(Raw data)

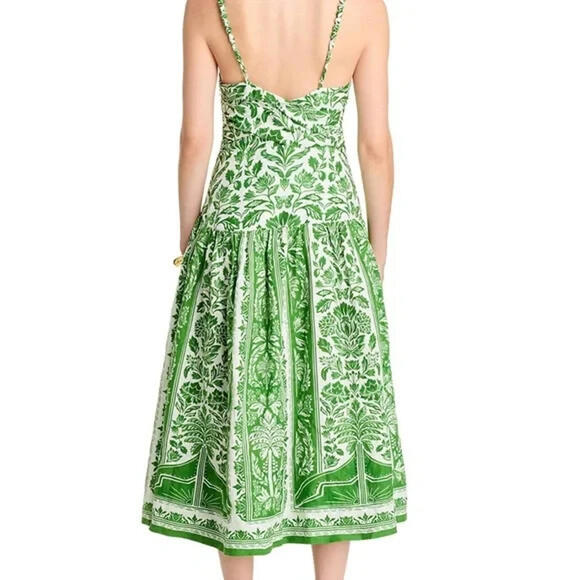NEW, Farm Rio Delicate Tapestry Midi Dress in Green Sz M #MD1404 - Picture 12 of 12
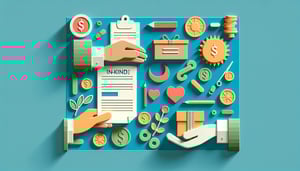 Paper art illustration depicting an in-kind donation form for FormCreatorAI article.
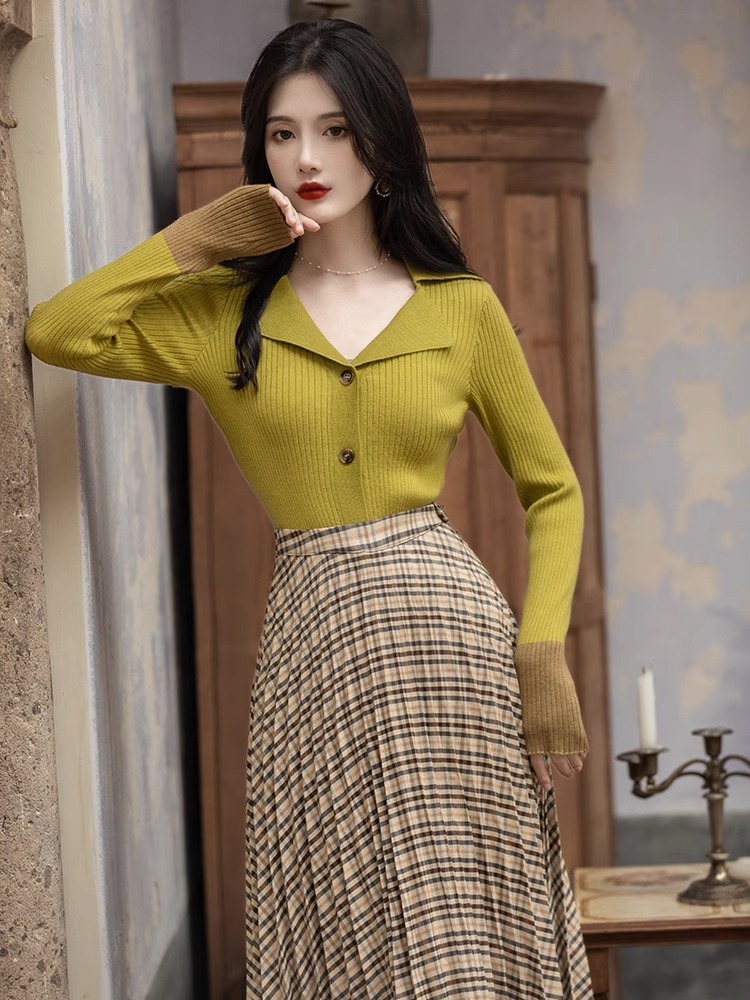 French polo collar sweater, high-end women's clothing, cool and salty style, socialite Yujie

(End Raw data)

--- Exercise ---
Only the lines from the one with "Paper art illustration" through the end of the data, both ends included, should be written out exactly, and no pictures should appear.

--- Expected output ---
 Paper art illustration depicting an in-kind donation form for FormCreatorAI article.
 French polo collar sweater, high-end women's clothing, cool and salty style, socialite Yujie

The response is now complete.